Speaking of cut-up prose reminds Pahmeier of her own introduction to poetry, back when she was a undergraduate English student studying fiction writing. To graduate, all students had to take an English class in a genre outside the focus of their major. Pahmeier, whose sole interest at the time was in writing fiction, thought she’d breeze through a poetry class.

When it came time to turn in her first poem, she had a great idea. She pulled out her manual typewriter and set the margins at 10 and 40. Then she typed in a scene from a short story she’d written.

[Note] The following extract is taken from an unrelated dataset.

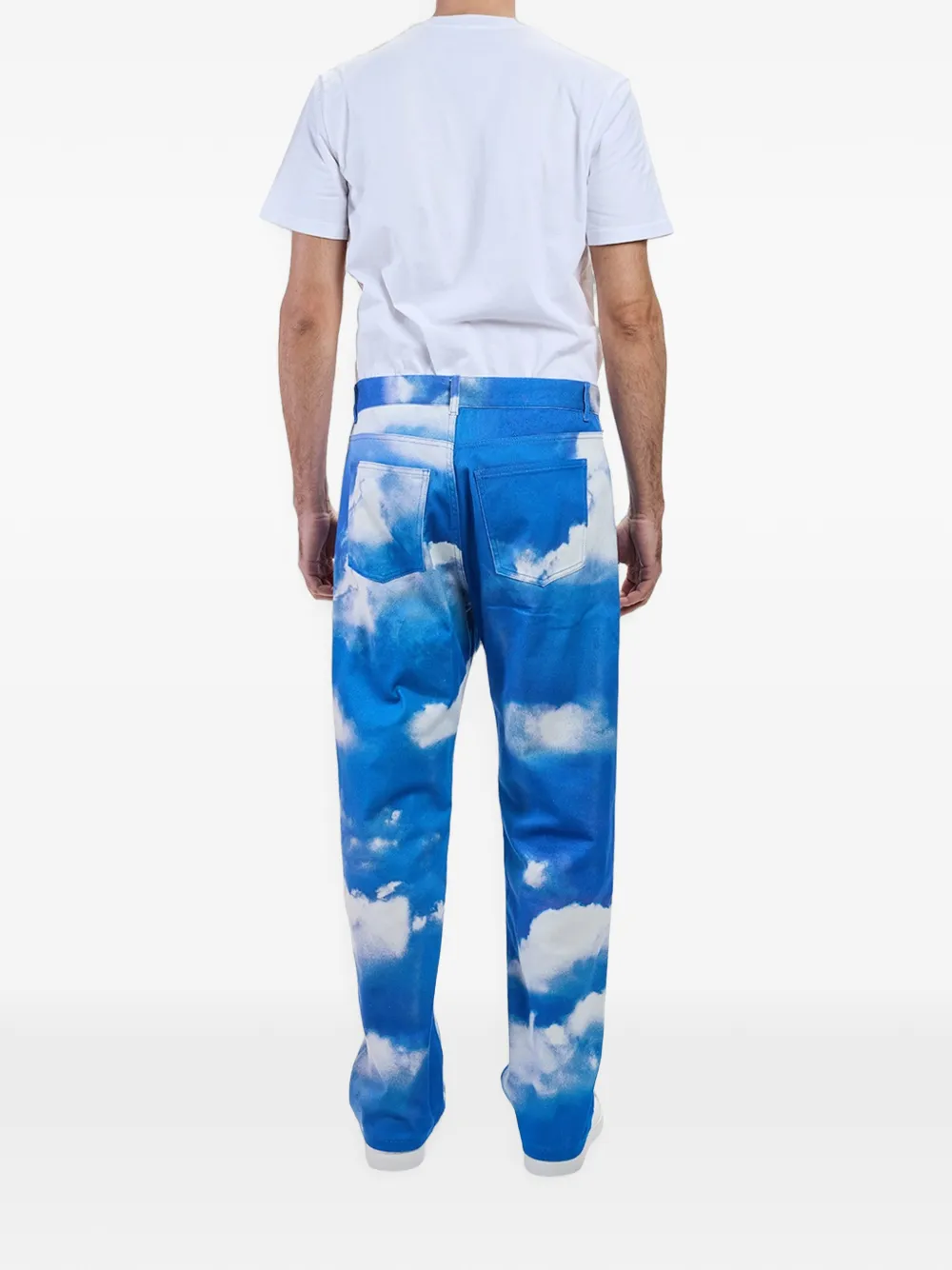 Moschino Straight jeans met wolkenprint Blauw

“Every time the bell rang, I hit the return,” she says. She turned in the short prose scene with the random line breaks imposed by the margins of the typewriter. Her class and instructor weren’t impressed. “They were on to me in a minute. They said: ‘You’re not taking us seriously. You’re not taking yourself seriously.’ Oops, busted. I have never been so shamed.”

Once she began taking the craft seriously, her writing life shifted irreversibly.

“I was so fascinated by what you could do. And the language of poetry—villanelle, sestina. I was seduced.”

Veterans of Pahmeier’s poetry workshops have gone on to pursue advanced degrees in writing at universities across the nation. Former student Zack Thomas is in the final stages of getting a MFA at Pahmeier’s alma mater, the University of Arkansas.

“She’s certainly well-remembered around here,” Thomas says in a recent e-mail message composed while he was studying for his oral exams. “The impression I get is that she was something of a femme fatale.”

One of Thomas’ most recent honors was a $9,000 fellowship from the Truman Capote Literary Trust. The language and lyricism he uses in his fiction, he says, is something gleaned from spending so much time writing poetry at UNR.

Thomas calls Pahmeier “the first real writer I ever knew.”

“I knew there was such a thing as a ‘writer,’ but I had never thought I would actually stand on the back porch of a crumbling academic building and smoke a cigarette and talk about the weather with one.”

And Thomas isn’t just referring to Pahmeier, but also those nationally known literary figures that Pahmeier and friends like Virginia City’s Shaun Griffin help finagle into speaking at the university.

"[They] had the knack and clout necessary to bring other ‘real writers’ to lowly UNR,” he says. “The summer I was there … Carolyn Kizer and Hayden Carruth [came to UNR], and not only their readings but also the indisputable evidence that they were living, breathing people like me …. did a lot to send me down this road.”

He also recalls not taking the poetic craft seriously at first.

“The first poem I turned in had been frantically written half an hour before class, and Gailmarie understandably refused to accept it,” he says. “After seeing me—dirty and booted and baseball-capped from work amongst a collection of more overtly artsy types—turn in a crappy, hand-written afterthought, it must have taken a fair amount of sensitivity and open-mindedness to notice later in the semester that I was actually working hard and, on occasion, writing good lines and having good ideas.”

The workshop’s sense of community is unmatched, says former UNR student Amber Glynn, who’s pursuing an MFA at the University of Alaska, Fairbanks. Even after two years in Alaska, she says she hasn’t established many of the deep friendships that she recalls from her own seven semesters of poetry workshops led by Pahmeier.

“She’s the best,” Glynn says. “She helped me get my poetry training wheels on and helped me take them off when it was time.”

UNR senior Alicia Utter credits the workshop with taking her writing to a new level.

“It’s nice to get feedback on your poetry," Utter says, "instead of just reading it to your pets."